The lack of a rear camera on the original Nexus 7 was always a bit of a downer. It clearly had the space for a module inside, but including a camera didn’t align with the efforts to drive that device into the price point that made it successful. With the new Nexus 7 we finally get a camera, and a 5 MP one with autofocus at that. Inside the camera is an OV5693 sensor, which best I can tell is a 1/4" format sensor with 1.4 micron pixels. It might not be the world’s best camera, but it’s no slouch either.

I took a handful of photos and videos with the Nexus 7 (2013) to gauge camera quality, and even if this isn’t necessarily a device with focus on imaging it’s not bad at all. I came away pretty pleased for what kind of camera it is.

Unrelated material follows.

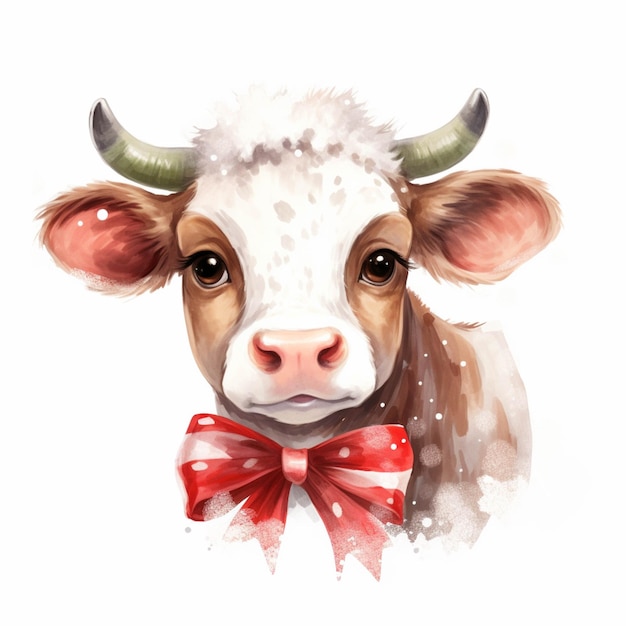 There is a cow with a bow tie on its head generative ai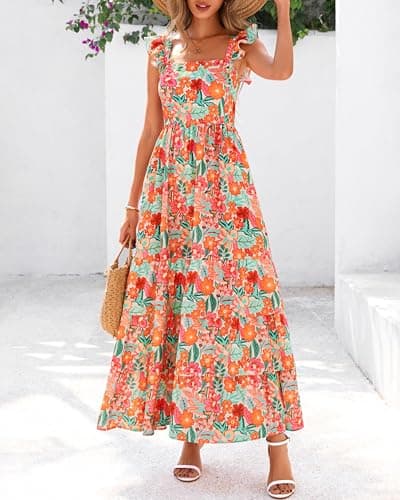 dowerme Summer Dresses for Women 2026 Casual Ruffle Smocked Tiered A-Line Boho Floral Maxi Beach Sun Dress with Pockets(Light Apricot Orange Flower,Small) - Thumbnail 2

Even though I still strongly believe that you shouldn’t be using a tablet to take photos you intend on using for anything more than sharing on social networks, in this brave new era of mobile devices it’s a feature every tablet and smartphone does need.

I’ll save you the discussion once again about how the Android 4.3 camera UI continues to present a 16:9 aspect ratio crop of the 4:3 image captured by the sensor, which results in a smeary looking, inaccurate preview.

 

Video on the Nexus 7 (2013) is 1080p30 at 12 Mbps, H.264 Baseline with 1 reference frame, and 96 kbps 48 KHz single channel AAC audio. I've uploaded a sample I took in SF to our servers as well as YouTube. Again I’m dismayed why more OEMs don’t use the full encode capabilities of APQ8064 (20 Mbps H.264 High Profile) but that’s what it is by default on the new Nexus 7.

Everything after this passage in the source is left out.